Back when the acronym DINKY (‘Double income no kids’) was first around, I invented one of my own for people like us – SLINKY – ‘Single lousy income numerous kids’. 

Life was good and we lacked for nothing that mattered, but there weren’t many dollars in the bank at the end of each fortnight. Despite this, when I was heavily pregnant with our third baby, I bought what felt at the time to be a luxury item – a soft, white towelling robe that cost $60 – purchased on a rare trip to Melbourne from the Western District town where we lived.

It was the kind of garment that stars wore in movies, that sleek looking couples in ads for luxury hotels got about in. I thought I was the bees’ knees. I had bought it with the idea that I would have something respectable for my hospital stay, and some of the first photos of our little son show him wrapped in my arms and me wrapped in the snowy luxury of my glamorous new robe. 

Once I was no longer pregnant it was too big, but that only made me feel more protected and sheltered in it and it was a perfect colour to camouflage the drips of baby sick that were a permanent feature of my shoulders in those years. It rapidly became one of my favourite garments.
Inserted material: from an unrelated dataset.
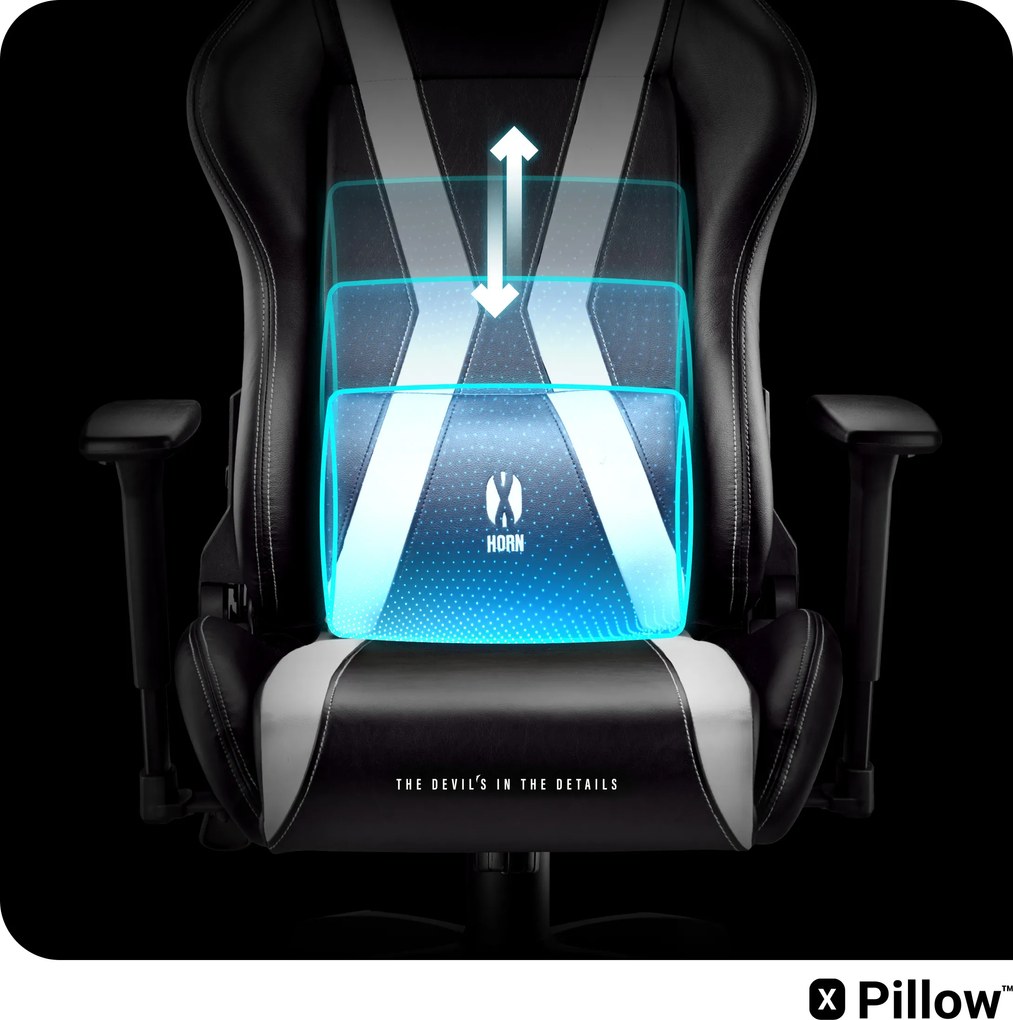 Fotel gamingowy Diablo X-Horn 2.0 King Size, czarno-biały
Towards the end of my fourth pregnancy, it fit perfectly once more, and the two oldest children took to calling me ‘the great white haystack’.

The baby whose birth I bought it for is now 21; that dressing gown has never been replaced and is still my most comforting thing to wear. Having just been home for a week and forced to have my feet up much of the time, some mornings I haven’t bothered to get dressed at all, but have happily lounged around it in all day. Yesterday I had to wash it, as the collar and cuffs were no longer white but a dirty grey-brown, and I hung it lovingly on the line for the kind sun to bleach it back to creamy white.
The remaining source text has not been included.